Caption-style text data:
______

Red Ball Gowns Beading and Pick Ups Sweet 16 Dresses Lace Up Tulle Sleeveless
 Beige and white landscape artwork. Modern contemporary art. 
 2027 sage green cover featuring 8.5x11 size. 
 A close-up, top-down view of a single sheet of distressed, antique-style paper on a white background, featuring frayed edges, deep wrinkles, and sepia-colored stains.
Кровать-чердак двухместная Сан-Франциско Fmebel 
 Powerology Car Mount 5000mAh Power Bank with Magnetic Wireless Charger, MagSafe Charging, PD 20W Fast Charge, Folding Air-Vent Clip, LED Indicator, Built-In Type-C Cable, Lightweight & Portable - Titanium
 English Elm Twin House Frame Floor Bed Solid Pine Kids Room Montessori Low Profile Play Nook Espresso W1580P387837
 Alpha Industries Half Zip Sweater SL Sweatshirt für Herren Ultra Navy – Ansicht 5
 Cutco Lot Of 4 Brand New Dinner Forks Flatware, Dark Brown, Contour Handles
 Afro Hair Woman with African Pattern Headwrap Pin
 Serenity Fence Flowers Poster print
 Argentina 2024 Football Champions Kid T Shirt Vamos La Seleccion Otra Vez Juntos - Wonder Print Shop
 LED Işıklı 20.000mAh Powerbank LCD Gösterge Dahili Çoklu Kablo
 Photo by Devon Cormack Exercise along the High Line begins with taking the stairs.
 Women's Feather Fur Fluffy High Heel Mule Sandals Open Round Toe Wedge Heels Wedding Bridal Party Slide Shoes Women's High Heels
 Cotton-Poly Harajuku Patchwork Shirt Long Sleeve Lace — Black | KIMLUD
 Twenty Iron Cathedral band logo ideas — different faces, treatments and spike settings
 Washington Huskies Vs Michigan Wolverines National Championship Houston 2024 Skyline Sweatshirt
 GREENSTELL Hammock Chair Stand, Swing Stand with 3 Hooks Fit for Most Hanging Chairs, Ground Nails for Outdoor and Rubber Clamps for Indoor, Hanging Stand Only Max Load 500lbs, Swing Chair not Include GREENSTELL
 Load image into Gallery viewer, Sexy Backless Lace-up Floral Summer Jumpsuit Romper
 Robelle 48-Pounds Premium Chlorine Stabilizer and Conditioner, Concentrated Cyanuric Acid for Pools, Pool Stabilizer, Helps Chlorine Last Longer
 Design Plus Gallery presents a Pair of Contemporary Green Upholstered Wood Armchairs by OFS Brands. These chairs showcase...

______

## Description of the task
Could you retype exactly the lines above, starting at the line that contains "A close-up, top-down" and ending at the line that contains "Кровать-чердак двухместная Сан-Франциско", and nothing more?

## Reply to the exercise
 A close-up, top-down view of a single sheet of distressed, antique-style paper on a white background, featuring frayed edges, deep wrinkles, and sepia-colored stains.
Кровать-чердак двухместная Сан-Франциско Fmebel 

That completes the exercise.